— Given entries —
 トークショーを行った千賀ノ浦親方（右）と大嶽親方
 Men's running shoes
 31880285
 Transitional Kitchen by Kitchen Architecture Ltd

---

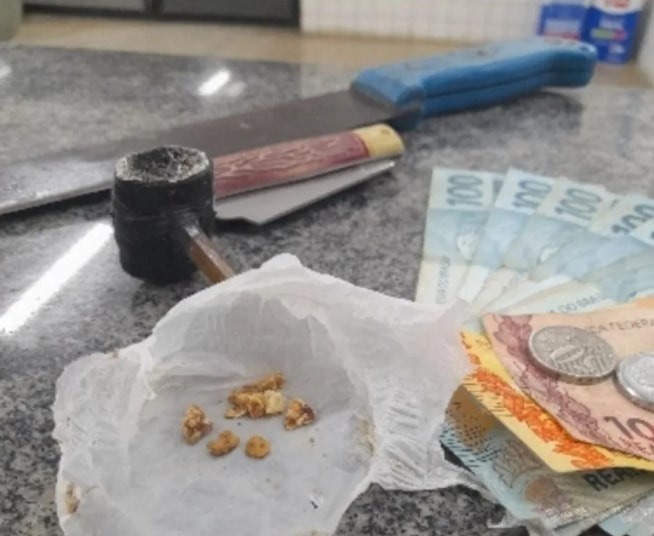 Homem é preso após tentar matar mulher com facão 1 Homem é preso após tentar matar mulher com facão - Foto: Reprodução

* * *

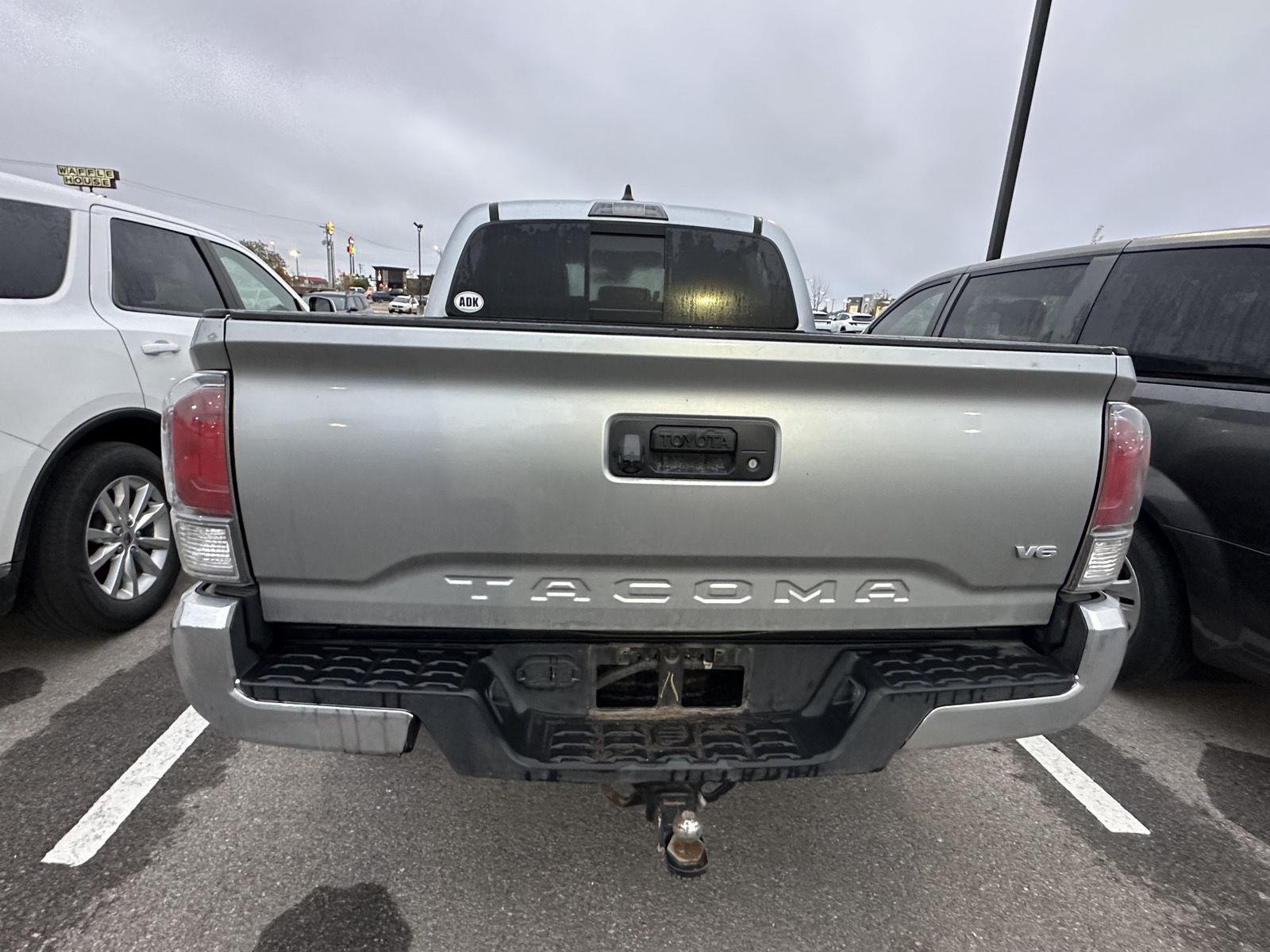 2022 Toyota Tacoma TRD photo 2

— Your assignment —
Copy range, inclusive: the line holding "トークショーを行った千賀ノ浦親方（右）と大嶽親方" to the line holding "Transitional Kitchen by". Reproduce exactly those lines of the records above and no others.

— Written answer —
 トークショーを行った千賀ノ浦親方（右）と大嶽親方
 Men's running shoes
 31880285
 Transitional Kitchen by Kitchen Architecture Ltd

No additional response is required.